28/07/05

Por entre ilhéus...


(Vista Sul da minha casa na Ilha do Faial: após o sismo de 1998, a reconstrução da igreja da freguesia avança, embora muitas famílias durmam ainda em pré-fabricados... ao fundo, a Ilha do Pico, majestosa.)

A ilha vai-se espraiando sobre as águas, já menos coberta da nébula preguiçosa dos últimos dias. Por cá, o tempo passa devagar, embora às vezes pareça que nos foge por entre os dedos.

Cada vez mais, creio que nas ilhas se aguarda, lento, o começo dos dias...

13/07/05

"Eu sou o van Basten!"


Nos meus oito ou nove anos, tinha como ídolo Marco van Basten, esse saudoso ponta-de-lança Holandês, que marcava pontapés de bicicleta com a elegância de uma bailarina em pontas, e tinha um estiloso corte de cabelo, que lhe dava um ar saudável e moderno.
Este ilustre personagem, de que certamente toda a geração “Heidi” e “Vicky” se lembra, jogava na chamada “Laranja Mecânica”, nome de código da selecção holandesa de futebol, que nos tempos áureos de Johann Cruyff tinha encantado os adeptos de todo o mundo, voltando à ribalta pelas mãos (pés?) de uma nova geração de jogadores (aqui, eu ia escrever uma nova geração de artistas, mas soou-me a comentário do Gabriel Alves…).
Ora, nos míticos encontros que fazíamos na praceta-de-trás (a nossa era a da frente, vá-se lá saber porquê; há algo de hierárquico nisto..?), esse delicioso enclave de prédios onde a malta se juntava todos os dias a partir das quatro da tarde, eu apressava-me a assegurar a representação omnipresente do referido artilheiro, com um sonoro “eu sou o van Basten!”.
Felizmente, além da paradoxalmente saudável designação ecológico-industrial, a “Laranja Mecânica” ofertava-nos a possibilidade de encarnar outros nomes igualmente ilustres e famosos, desde Ruud Gullit e Frank Rijkaard, até ao Ronald Koeman (agora bem nosso conhecido por outras razões), e de forma rápida e sem grandes quezílias, todos ficávamos imbuídos de um inspirado e aguçado instinto futebolístico, talvez pouco talentoso mas infinitamente nosso e perene.
A (para nós empiricamente sabida) enorme distância entre Portugal e Holanda, e entre Portugal e Itália (residência do renascido AC Milan salvo da falência por um senhor porventura conhecido, um tal de Berlusconi), onde alinhava parte destes craques na sua versão clubística, era o mote para a consolidação da fantasia, apenas apaziguada por copos de água gelada gentilmente cedidos pelo “Restaurante Rio Bravo”, nosso vizinho…
Estas tardes vividas entre Amsterdão e Milão, repletas de geniais trocas de bola sob a égide destes invocados companheiros de ascendência flamenga, são algo de muito especial, porque repletas de uma vivência infantil urbana mas não desumanizante, como creio que hoje, cada vez mais, grassa por aí.
E como prata da casa não faz milagres, e porque nem o Figo nem o Cristiano Ronaldo têm um corte de cabelo à altura, embora continuem a tentar, e não podendo dizer energicamente “eu sou o van Basten!”, nem tampouco “sou o Gullit”, ou o “Rijkaard”, sempre gostaria de saber que ídolos seriam invocados pela malta na praceta-de-trás, se fosse hoje uma das solarengas tardes em que, a partir das quatro horas, o estádio se enchia e a “Laranja Mecânica” maravilhava a plateia, no nosso futebol de sonho…

08/07/05

O absurdo congestionamento dos sentidos

Silêncios.
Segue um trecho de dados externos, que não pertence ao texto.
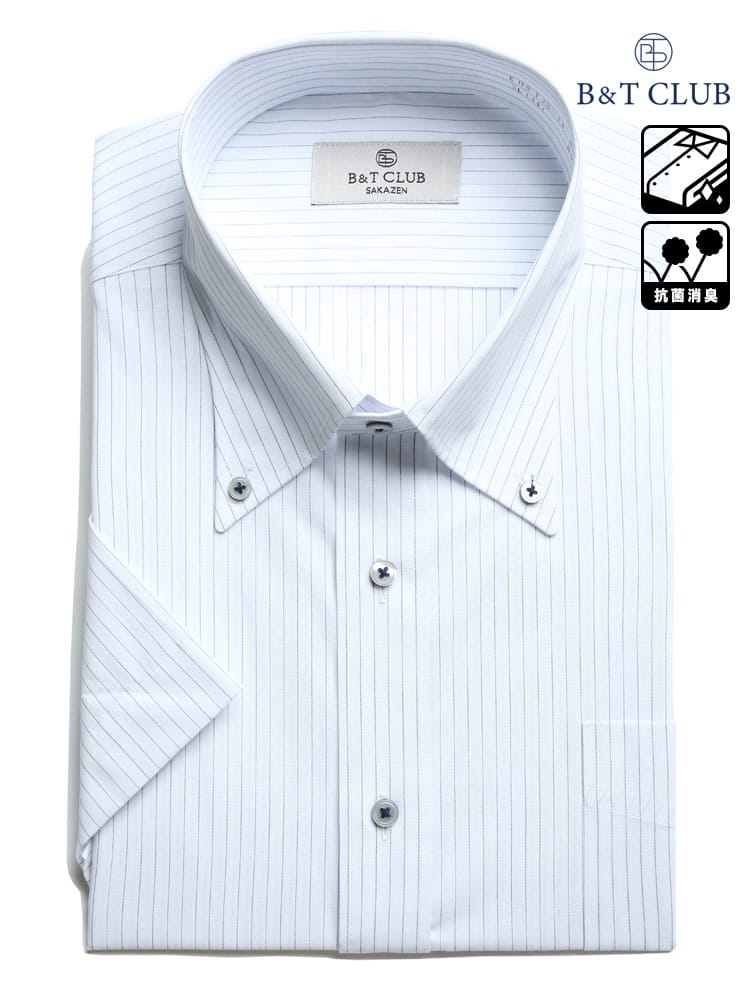 大きいサイズ メンズ B＆T CLUB (ビーアンドティークラブ) ファブリーズ 消臭抗菌 形態安定 ボタンダウン 半袖 ワイシャツ カッターシャツ RELAX BODY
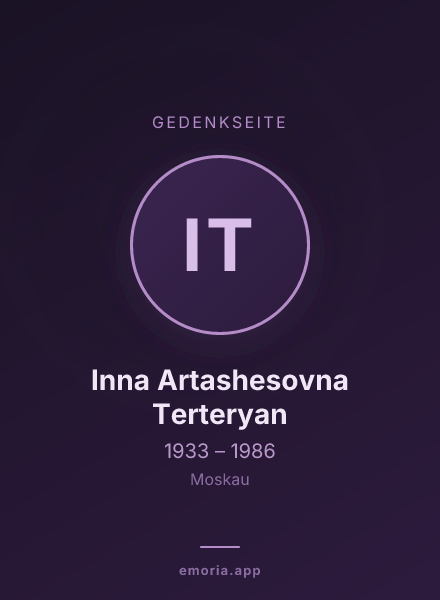Gedenkportrait von Inna Artashesovna Terteryan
Fechar os olhos e calar. Sentir à nossa volta a ausência, dar espaço ao aparecimento dos receios.
Música, ruídos, atenções dispersas. Uma imagem, um esboço de história, fragmentos revisitados.
Vamos fazendo das vivências um esquema interior, temendo os desígnios da solidão, os encantamentos da partida, o adiar de um confronto.
Precisamos de manter os sentidos mergulhados na imensidão das sugestões, nas fronteiras do racional, num “feed-back” estridente de factos e de pessoas, que nos aparta da profundidade dos conceitos.

A pouco e pouco, vamos temendo o confronto connosco, esquecendo que a nossa descoberta será sempre silenciosa, sorrateira e dolorosa. Mas infinitamente bela.